Disengaging the conscious mind

Our lives are a succession of repeating elements, from autonomic blinking and breathing to our willed activities.

Novel undertakings stress us, but with repetition they become familiar, routine and comforting.

The first time I walked from London Bridge to Paternoster Square it seemed to take an age. There were lots of sights to take in, and some uncertainty over the route. Each time I repeat the route my perception of how long it takes shortens, though in objective terms the elapsed time is unchanged.

I put this down to the way our brains work. They're basically learning engines. Laying down a new set of memories keeps the conscious mind engaged in the activity. With each repetition fewer new observations need to be committed to memory, and the conscious mind is increasingly freed to drift off to other topics.

When I was a teenager I did a morning paper round. At 6am I would arrive at the newsagents and be given my bag with its complement of papers. Within a month I'd memorised the round, and which papers and periodicals each house took. I knew the homes where there were dogs, and the vagaries of the various letterboxes some of which were liable to snap viciously shut on the fingertips of the unwary. I found myself operating on a kind of autopilot, frequently arriving back at the newsagents with an empty bag but no conscious memory of the preceding hour.

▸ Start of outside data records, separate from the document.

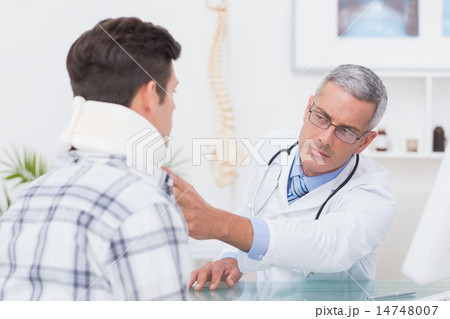 Doctor examining patient wearing neck brace Doctor examining patient wearing neck brace 14748007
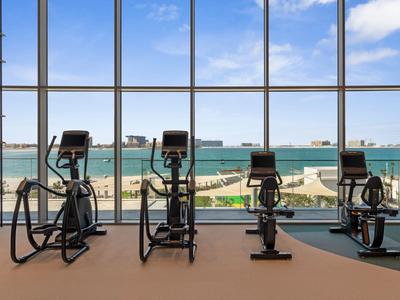 Fitnessstudio mit Blick auf das Meer durch große Fenster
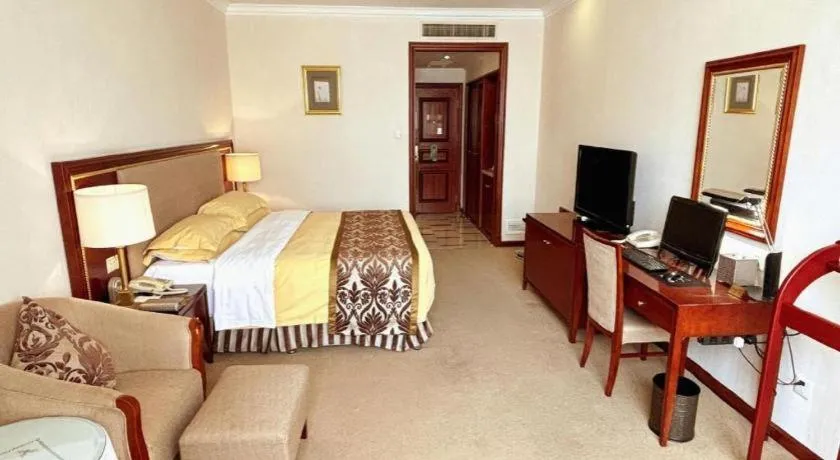 Bed in Xinhai Jinjiang Hotel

In later years I would regularly drive the 200 miles from London to Leeds, which immediately afterwards could only be recalled as a series of flashbacks - the service station I'd taken a break at, the stop start tailback by junction 26, the car that had undertaken dangerously, and the maniac who tailgated so close he should have just parked on my back seat. All the habitual actions of driving (stopping at lights, navigating roundabouts, changing lanes, indicating, turning) had vanished from memory.

Repetition is key to a great number of human amusements. Music contains a whole raft of different repeating elements : the drum beat, the base rhythm, the guitar melody, and the rhymes and flow of the lyrics. Rhythms get the toes tapping, hips swinging, and the head nodding. It is seductive to succumb and lose yourself in the music and dance.

Recurring actions relax and gratify. Stroking a dog, scratching an itch, the sensation of a sock sliding back and forward over the sole of the foot when walking in wellington boots, massage, sex.

Rhythms are hypnotic - the cliché of the swinging watch and the hypnotist's lulling voice. These both rely on the brain rapidly exhausting the uniqueness of the experience, disengaging the conscious mind from the present allowing the hypnotist to engage directly with the mind at a deeper level.

The brain likes repetition because it is predictable, and being able to anticipate what will happen has a clear evolutionary advantage. We've been shaped by natural selection to spot patterns and repeat successful actions. Our likes and dislikes stem from repeated experiences that are weighed for their perceived positive or negative outcome.

Our brains don't always get it right, perhaps because the algorithm is based on short term outcomes. Eat sugar, the taste is good, and a positive emotional response develops - we like sugar. A year later we're swaddled in fat, but the emotional response to sugar remains unchanged. In addicts, the mind gives an excessive weighting to one or two learnt patterns, and rather than being useful behaviour pathways they become seemingly inescapable ruts.

When you stop to consider that all your personal preferences are built up from the mind's cumulative weighting of life experiences you start to wonder why you have certain strong predilections.

As a child I recall being bemused when I was asked "what's your favourite colour?" Not really having a preference I picked a colour at random, green, and each subsequent time I was asked I would trot that out as my response. In my late twenties I realised that I had developed a very strong preference for rusty umber shades of orange. I can't think of a good reason why I love that colour, but just looking at those shades I feel physically relaxed, warm, happy and satisfied.